O papel da Igreja na sociedade
Outro problema apontado pelo Abade Geral é a crescente marginalização da Igreja. «A Igreja tornou-se um fenômeno marginal na sociedade», afirma Wouters. «E atrai pessoas de grupos marginalizados». Essa situação tem impactos profundos na vida espiritual e na estabilidade dos mosteiros. No entanto, a Bíblia nos lembra que o poder de Deus se aperfeiçoa na fraqueza (2 Coríntios 12:9). Ainda assim, permanece a pergunta: como as ordens e comunidades podem responder a esse desafio?
Conflitos e falta de supervisão
Investigações do Nederlands Dagblad sobre a Abadia de Berne, a comunidade monástica mais antiga dos Países Baixos, revelaram uma cultura de medo e lutas pelo poder que perdurou por anos. Wouters confirmou essa situação e apontou problemas fundamentais em toda a ordem. Disputas sobre visões religiosas e litúrgicas são frequentemente travadas de forma implacável, envenenando o ambiente. «As pessoas dentro de uma comunidade se tornam inimigas, e quase não pode haver contato normal, amigável, camarada, fraterno», lamentou o Abade Geral.
Como Abade Geral, ele encontra limites, pois cada abadia é autônoma e ele não pode intervir diretamente. Resultados de visitas canônicas são frequentemente ignorados. Por isso, Wouters pede que no próximo capítulo geral da ordem, em 2030, haja uma nova regulamentação da autonomia, a introdução de tamanhos mínimos para as comunidades monásticas e acompanhamento e supervisão externos. Essas medidas podem ajudar a fortalecer a saúde espiritual e humana das comunidades.

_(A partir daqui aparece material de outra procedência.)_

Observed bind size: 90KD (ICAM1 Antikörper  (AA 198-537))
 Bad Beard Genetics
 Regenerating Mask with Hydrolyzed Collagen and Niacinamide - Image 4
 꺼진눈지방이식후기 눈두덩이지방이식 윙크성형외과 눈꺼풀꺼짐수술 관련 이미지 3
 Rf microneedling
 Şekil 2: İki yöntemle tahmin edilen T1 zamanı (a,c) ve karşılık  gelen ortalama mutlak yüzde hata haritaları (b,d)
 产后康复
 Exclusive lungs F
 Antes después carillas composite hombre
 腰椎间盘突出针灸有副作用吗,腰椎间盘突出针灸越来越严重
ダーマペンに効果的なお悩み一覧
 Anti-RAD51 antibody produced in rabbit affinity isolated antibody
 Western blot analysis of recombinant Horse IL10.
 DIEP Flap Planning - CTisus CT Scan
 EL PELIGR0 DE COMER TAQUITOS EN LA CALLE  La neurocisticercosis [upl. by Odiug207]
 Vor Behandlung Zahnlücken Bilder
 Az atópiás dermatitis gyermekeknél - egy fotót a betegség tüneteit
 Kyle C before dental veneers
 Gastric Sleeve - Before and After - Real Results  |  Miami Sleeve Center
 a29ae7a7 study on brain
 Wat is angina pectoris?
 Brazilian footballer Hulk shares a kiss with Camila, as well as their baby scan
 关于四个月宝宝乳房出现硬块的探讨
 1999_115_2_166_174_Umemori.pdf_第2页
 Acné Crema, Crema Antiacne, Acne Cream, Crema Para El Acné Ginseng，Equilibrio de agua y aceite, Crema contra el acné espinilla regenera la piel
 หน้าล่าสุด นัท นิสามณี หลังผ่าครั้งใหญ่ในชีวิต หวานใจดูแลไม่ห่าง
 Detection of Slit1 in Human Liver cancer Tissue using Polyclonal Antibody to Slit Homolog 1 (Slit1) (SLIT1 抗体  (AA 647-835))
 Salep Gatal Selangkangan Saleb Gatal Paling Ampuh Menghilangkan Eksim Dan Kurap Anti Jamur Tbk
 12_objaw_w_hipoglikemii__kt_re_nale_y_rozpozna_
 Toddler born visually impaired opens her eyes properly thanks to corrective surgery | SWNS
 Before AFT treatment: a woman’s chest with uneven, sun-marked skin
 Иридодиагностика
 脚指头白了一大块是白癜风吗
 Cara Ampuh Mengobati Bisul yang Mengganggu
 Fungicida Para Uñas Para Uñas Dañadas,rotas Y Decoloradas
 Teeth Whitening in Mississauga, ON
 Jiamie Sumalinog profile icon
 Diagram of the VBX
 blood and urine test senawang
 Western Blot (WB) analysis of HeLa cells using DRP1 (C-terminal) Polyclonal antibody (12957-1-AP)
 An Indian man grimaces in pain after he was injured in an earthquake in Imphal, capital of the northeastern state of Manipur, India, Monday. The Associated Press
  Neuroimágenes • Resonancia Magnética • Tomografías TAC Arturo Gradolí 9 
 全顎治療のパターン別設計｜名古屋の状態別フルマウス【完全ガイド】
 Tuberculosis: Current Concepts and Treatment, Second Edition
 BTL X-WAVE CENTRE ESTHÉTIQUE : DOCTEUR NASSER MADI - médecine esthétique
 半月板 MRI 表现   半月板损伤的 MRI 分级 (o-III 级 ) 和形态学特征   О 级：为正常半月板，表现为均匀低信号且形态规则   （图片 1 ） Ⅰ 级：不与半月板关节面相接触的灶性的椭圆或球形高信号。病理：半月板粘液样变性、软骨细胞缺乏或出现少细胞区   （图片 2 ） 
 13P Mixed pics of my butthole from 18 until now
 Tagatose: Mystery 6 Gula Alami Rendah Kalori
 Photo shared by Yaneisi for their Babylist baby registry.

Perspectiva bíblica sobre comunidade e liderança
Os desafios dos premonstratenses não são novos. Já na igreja primitiva houve tensões e conflitos, como relata o livro de Atos. Em Atos 6:1–7, os apóstolos designaram diáconos para garantir uma distribuição justa e resolver disputas. Isso mostra a importância de estruturas transparentes e boa liderança. A carta aos Hebreus também nos exorta: «Obedeçam aos seus líderes e submetam-se a eles, pois eles cuidam de vocês como quem deve prestar contas» (Hebreus 13:17). Esses princípios continuam relevantes para as comunidades religiosas hoje.
Esperança e passos práticos
Apesar da previsão sombria, há também sinais de esperança. A Ordem Premonstratense foi fundada no século XII por Norberto de Xanten e tem uma rica história de renovação. Mundialmente, a ordem conta com cerca de 1.600 membros em 81 casas, incluindo três abadias e dois priorados na Alemanha. As reformas planejadas podem ajudar a ordem a se reconectar com suas raízes espirituais e encontrar novos caminhos.
Para os leitores do EncuentraIglesias.com, surge a pergunta: como nós, como cristãos, podemos fortalecer nossas comunidades e superar conflitos? A Bíblia oferece princípios atemporais, e a história da igreja mostra que a renovação é possível. Em um mundo que muitas vezes marginaliza a fé, somos chamados a ser uma comunidade que reflita o amor e a unidade de Cristo.